Los indecisos el factor clave para mañana

Entre indecisos y aquellos que aún no saben si van a votar o no, representan entre 4 y 11 puntos.

(La Nación) Tan inédito como el ballottage para elegir al próximo presidente será el rol de los indecisos y del nivel de concurrencia a las urnas, dos datos claves para el rumbo que tome la elección.

Según un relevamiento de LA NACION entre analistas de cinco consultoras, el nivel de indecisos oscila entre 4 y 11% del electorado, aunque algunos detectaron en los últimos dos días un angostamiento de esas cifras. El rango incluye a quienes dicen haber decidido cómo votar, pero sin embargo admiten que todavía podrían cambiar.

El universo de los que todavía no definieron su voto se compone mayoritariamente de quienes en la elección general del 25 de octubre optaron por los candidatos que quedaron afuera: Sergio Massa, Nicolás del Caño, Margarita Stolbizer y Adolfo Rodríguez Saá. Mauricio Macri y Daniel Scioli registran altos niveles de fidelidad entre sus votantes de la primera vuelta.

Sobre todo en el tramo final de la campaña, tanto Macri como Scioli interpelaron a los indecisos.

Conscientes de que la mayoría de los pronósticos auguran una ventaja en favor del candidato de Cambiemos, en el Frente para la Victoria apostaron hasta último momento a los indecisos para achicar la distancia.

En el macrismo creen que, al momento de cerrar el sobre, podría pesar el llamado “voto vergüenza”, es decir, el apoyo de aquellos que, fuera del cuarto oscuro, nunca reconocerían su voto por el jefe de Pro. De hecho en el macrismo les asignan una amplia incidencia a los indecisos. Marcos Peña, uno de los jefes de campaña del espacio, reconoció anteayer en el cierre de campaña que los que aún no decidieron su voto eran “entre el 7 y el 8% del padrón”.

Para los especialistas, la inclinación de la balanza hacia uno u otro lado (o hacia el voto en blanco) dependerá de varios factores. El primero, el grado en que el discurso del “temor” a un eventual gobierno de Macri prenda entre quienes todavía dudan. El segundo, cómo juega el voto en blanco.

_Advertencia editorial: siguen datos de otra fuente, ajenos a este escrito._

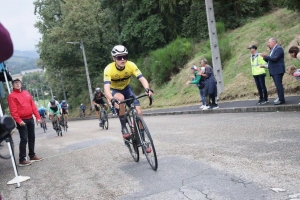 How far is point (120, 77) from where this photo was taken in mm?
6746

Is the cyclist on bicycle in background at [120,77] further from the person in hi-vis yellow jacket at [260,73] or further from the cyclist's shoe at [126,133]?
the person in hi-vis yellow jacket at [260,73]

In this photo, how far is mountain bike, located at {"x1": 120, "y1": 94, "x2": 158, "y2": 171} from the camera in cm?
575

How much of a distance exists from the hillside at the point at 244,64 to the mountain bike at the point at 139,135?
8652 millimetres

El otro elemento crucial será el nivel de participación. El aumento de la cantidad de votantes entre las PASO del 9 de agosto y la general del 25 de octubre (poco más de dos millones de personas) fue determinante para que Macri recortara la diferencia con Scioli de poco más de ocho a casi tres puntos entre la primaria y la general. En porcentaje del padrón electoral, la asistencia trepó del 74 al 81 por ciento.

 

Sobre este punto, entre los analistas, no hay un diagnóstico unánime. “Creo que el porcentaje [de participación] va a ser más cercano al de la general”, opinó Federico González, de González y Valladares.

También Federico Aurelio consideró que el porcentaje de asistencia “tendría que ser similar” al de octubre, pero advirtió sobre lo que llamó el factor “elección definida”, que podría reducir la asistencia a las urnas.

“Por un lado se observa un clima de fervor ciudadano, ganas de no perderse la gran definición; pero, por otro lado, podría pesar la idea de que la cosa está definida, con lo que muchos podrían quedarse en casa. «Que se arreglen sin mí. Total, el resultado ya está», sería el razonamiento”, sopesó Aurelio.

También Luciano Cohan, de Elypsis, evaluó que la idea de que Scioli difícilmente evite el segundo puesto, el escenario que por estas horas aparece como más probable, podría impactar fuerte en el nivel de participación. “Una parte de los que no terminan de convencerse por ninguno de los dos candidatos o están pensando en votar en blanco podrían terminar no yendo”, pronosticó.

Por su parte, Alejandro Catterberg, director de Poliarquía, advirtió que la cantidad de personas que el domingo finalmente irá a votar “es muy difícil de predecir”. Recordó que, mientras que en las PASO se registró el nivel de participación más bajo desde 1983, el del 25 de octubre fue de los más altos desde entonces. “Habrá que ver si la gente que se sumó entre las PASO y las generales se mantiene sin el voto anti-Aníbal Fernández presente”, apuntó. Y concluyó: “Es uno de los interrogantes a observar, sin duda”.

“Tanto el nivel de participación como el del voto en blanco pueden tener una variación significativa. No sabemos cuánta gente va a ir a votar ni cómo se compone el universo de quienes decidan asistir o no”, coincidió Mariel Fornoni, de Management & FIt.